Стремясь объяснить нынешнее духовное брожение в понятных им терминах, западные наблюдатели придумывают схемы, соответствующие их собственным установкам. Левые объявляют советских оппозиционеров «правыми», врагами социализма и прогресса, не понимая того, что слова «левое» и «правое» меняют свой смысл при перемене угла зрения. Крайние левые, напротив, объявляют русское культурное возрождение возрождением подлинного марксизма, называют диссидентов борцами за настоящий социализм[9], и в этом мнении парадоксальным образом сходятся с крайне правыми или с людьми, которые, во всяком случае, никак не сочувствуют советской власти[10].

Но если столь затруднительна даже политическая характеристика советского движения протеста, то насколько труднее определить в западных понятиях идейные, духовные процессы, совершающиеся в недрах русского общества. Определенная часть русской интеллигенции («неославянофилы») даже намеренно отказывается мыслить в понятиях Запада, считая, что западные теории — марксизм и социализм — принесли слишком много зла нашей стране. Сегодняшняя подпольная литература очень точно отражает настроения русских людей, их сегодняшний образ мышления, в отличие от официальной советской литературы, которая вся построена на условностях и искусственно насаждаемых властью безжизненных шаблонах.

 

II. «ДОКТОР ЖИВАГО»

«Доктор Живаго» Б. Пастернака — более чем книга. Это историческое событие. После долгих десятилетий молчания, когда русская литература фактически прекратила свое существование и сводилась лишь к скучным, казенным иллюстрациям партийных резолюций, вдруг раздался смелый и сильный голос живой России. Высокий интеллектуальный уровень, напряженный духовный поиск, темы и проблемы, характерные для великой русской литературы прошлого, выразительная сила слова — все было неожиданным в этой книге, восстановившей порвавшуюся связь времен и поколений, перекинувшей мост через пропасть духовной пустоты и одичания от старой русской культуры к новой, возрождающейся и нарождающейся. Кажется невероятным, что в одной книге и в одной человеческой жизни совмещены столь разные и столь непохожие миры: старая Россия, старая Москва просторных интеллигентских домов с их хлебосольством, размахом, широтой, крепким здоровым бытом, основанным на веками освященных традициях, святочная Москва с дурачащимися ряжеными, елками, колокольным звоном, сердечностью в отношениях между людьми — и нынешняя советская Россия с «жилплощадью» («теперь это называется жилой площадью»[11]), трудовыми книжками, очередями в магазинах, проработками на собраниях и резолюциями, подозрительностью и страхом, жизнь с совсем иными масштабами и формами человеческого общежития. Пастернак, воспитанный и созревший еще в дореволюционную эпоху, представитель старой русской интеллигенции, большая и лучшая часть которой погибла в лагерях, затерялась в ссылках и эмиграции, оставил молодым, тогда еще только пробуждавшимся и едва начавшим осмысливать происходящее, свое завещание — «Доктор Живаго», плод зрелого опыта, долгого труда (первые наброски романа сделаны еще в 30-е годы) и многолетнего молчаливого (поневоле молчаливого) размышления. О «Докторе Живаго» написано много[12], и в этом нескладном хоре противоречивых голосов теряется главное: смысл романа, столь очевидный нам, русским, прожившим всю жизнь в советской России, и обусловленная им особенность формы этой необычной книги, которую невозможно верно оценить, оставаясь в кругу таких понятий, как традиционный роман, современный роман, антироман и т. п., и к пониманию которой скорее можно приблизиться, воспринимая ее, например, как Эудженио Монтале, назвавший «Доктора Живаго» «большой поэмой, со всех сторон открытой и дающей простор даже для символического истолкования»[13].

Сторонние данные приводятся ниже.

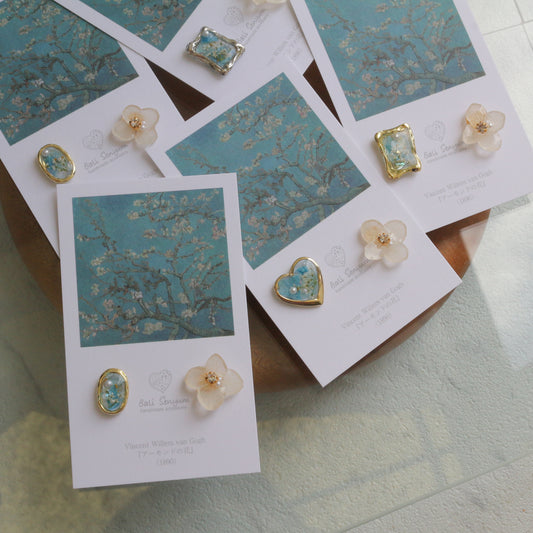 Gogh Inspired Flower and Medallion No. 1 Pierceチタンピアス - アーモンドの花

Смысл книги Пастернака можно понять лишь в контексте советской литературы и советской жизни, ибо вся она есть отталкивание от ценностей (или псевдоценностей), утверждаемых советской литературой и навязываемых человеку советской жизнью, вся она — протест, крик, боль. Когда мы читаем в «Докторе Живаго» рассказ о том, как ни в чем не повинных людей, первых встречных, хватают на улице и под конвоем отправляют в трудовую армию на принудительные работы (стр. 257-258), мы воспринимаем это как противовес схематизированному, плоскому, трафаретному изображению в советской литературе революционных лет как героической борьбы восставших народных масс с подлыми и жестокими эксплуататорами. Когда мы читаем о том, что Красная Армия расстреливает из пушек непокорные советской власти деревни (стр. 265); что советская власть берет заложниками женщин и стариков и безжалостно убивает их (стр. 523); что гражданская война превратила страну в пустыню, где «путник при виде путника сворачивал в сторону, встречный убивал встречного, чтобы не быть убитым», где «появились... случаи людоедства», где «человеческие законы цивилизации кончились» и «человеку снились доисторические сны пещерного века» (стр. 439); или что «изуверства белых и красных соперничали по жестокости, попеременно возрастая одно в ответ на другое, точно их перемножали. От крови тошнило, она подступала к горлу и бросалась в голову, ею заплывали глаза» (стр. 433), — все это разрушает условное представление о революции, в течение десятилетий упорно насаждавшееся советской литературой — в годы, когда даже такая книга, как «Конармия» Бабеля, сжигалась в печах Лубянки. Приходится только удивляться тому, что правдивое изображение революции Пастернаком шокировало многих на Западе, тогда как фальшивые и сусальные картинки советской литературы воспринимались спокойно, как нечто салю собой разумеющееся. Пастернака укоряли как человека, устремленного в прошлое, восстающего против героической морали активных преобразователей мира, а между тем такое, как у Пастернака, изображение революции не есть нечто новое, подобный взгляд можно встретить у рафинированного француза А. Франса («Боги жаждут»), и у прельстившегося революционными идеями американца Э. Хемингуэя («По ком звонит колокол»), и у немца, гениального юноши Г. Бюхнера («Смерть Дантона»), и у многих-многих других.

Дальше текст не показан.